As the European Union prepares to implement a ban on Russian seaborne crude in December, the market will have to prepare itself for a loss of 2.4 million bpd, according to the International Energy Agency (IEA).
The ban on Russian crude imports by sea will take 1.4 million bpd of oil off the market, along with 1 million bpd of petroleum products.
This is in line with the ban on Russian seaborne crude that goes into effect on December 5th, and the embargo on petroleum products, which goes into effect on February 5, 2023.
In addition, due to the pending EU ban on maritime services, the IEA expects forced reallocations from countries that are not on board with the G7’s own proposed price cap on Russian oil.
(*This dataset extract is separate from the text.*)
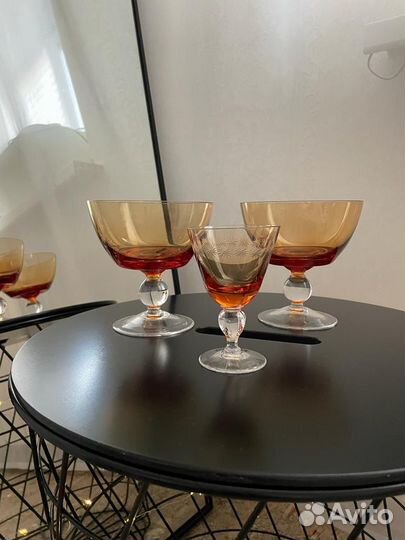 Две вазочки конфетницы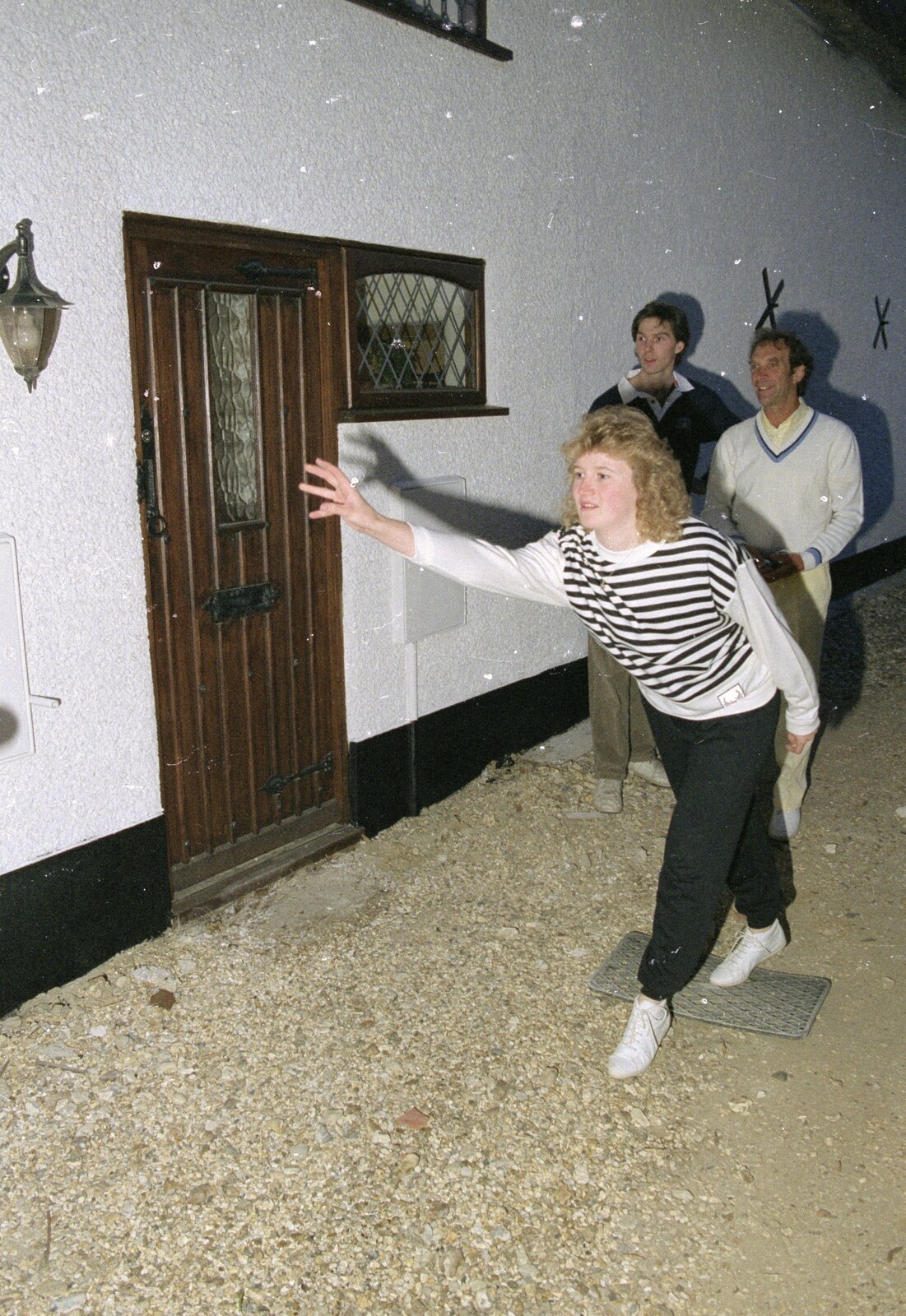 Petanque At The Willows, Bransgore, Dorset - 10th July 1990: Maria chucks a boule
The G7 is reportedly considering sanctions on oil importers who refuse to comply with the group’s proposed price cap on Russian oil, which has prompted threats from Mosocw to withhold oil from the market.
Furthermore, by February next year, the IEA predicts that total Russian oil production will decline to 9.5 million bpd, which represents a 1.9 million bpd plunge year-on-year.
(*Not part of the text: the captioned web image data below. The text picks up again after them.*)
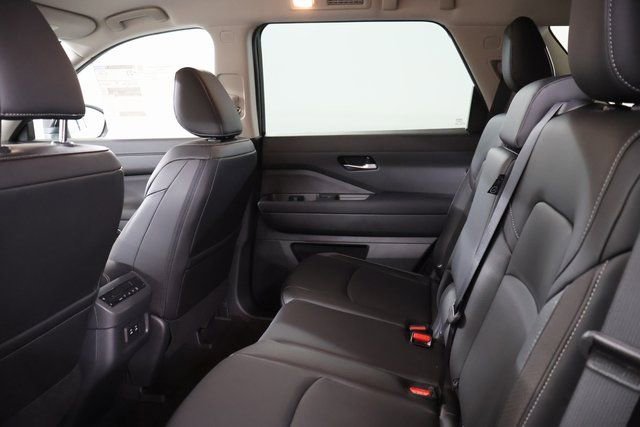 New 2026 Nissan Pathfinder SL image 27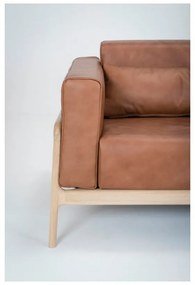 Koňakovohnedá pohovka z byvolej kože s konštrukciou z masívneho dubového dreva Gazzda Fawn, 210 cm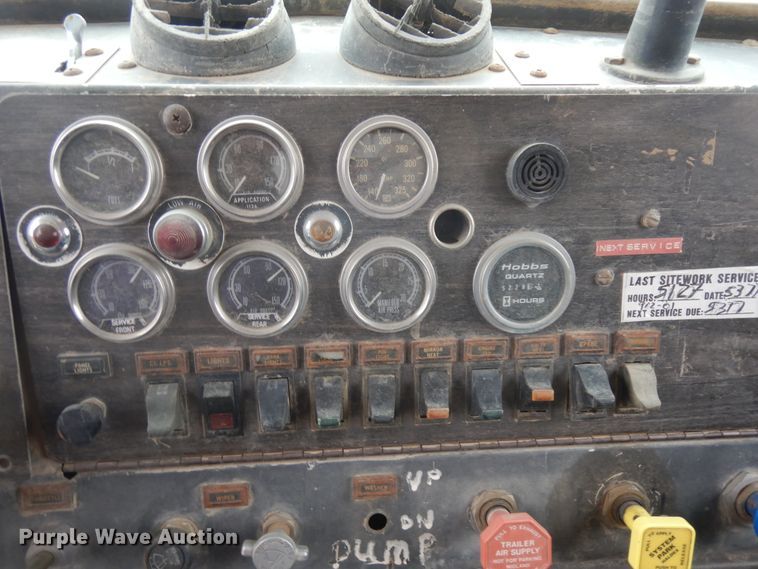 image for item IP9172 1977 Kenworth W900A  dump truck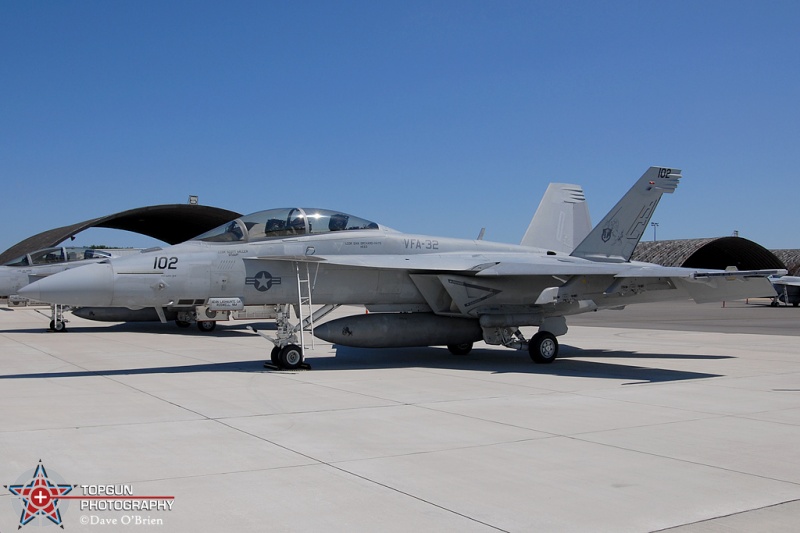 VFA-32 Swordsmen
F/A-18F / 166664	
VFA-32 Swordsmen / NAS Oceana
8/21/08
This comes after the IEA said in August that Western sanctions were not significantly impacting Russian oil output, as rerouting of crude to Asia had served as a stop-gap measure. The new Russian barrels will also have to find new buyers in Asia to mitigate any negative effects on Russian revenues.
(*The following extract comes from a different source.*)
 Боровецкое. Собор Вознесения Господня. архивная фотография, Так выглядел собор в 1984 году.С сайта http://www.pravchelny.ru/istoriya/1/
The oil market remains highly volatile as it attempts to determine whether fears of declining demand–particularly coming out of China’s COVID lockdowns–or tight supply will rule fundamentals. The IEA highlighted decelerating growth in global oil demand in its latest monthly report, but also noted that due to significant gas-to-oil switching, total demand growth was actually only slightly lower.
In the meantime, heading into the ban, Europe continues to import large volumes of Russian crude, with Bloomberg recording 1 million bpd of imports in the week ending September 2. While that figure is higher than August, it is also lower than June.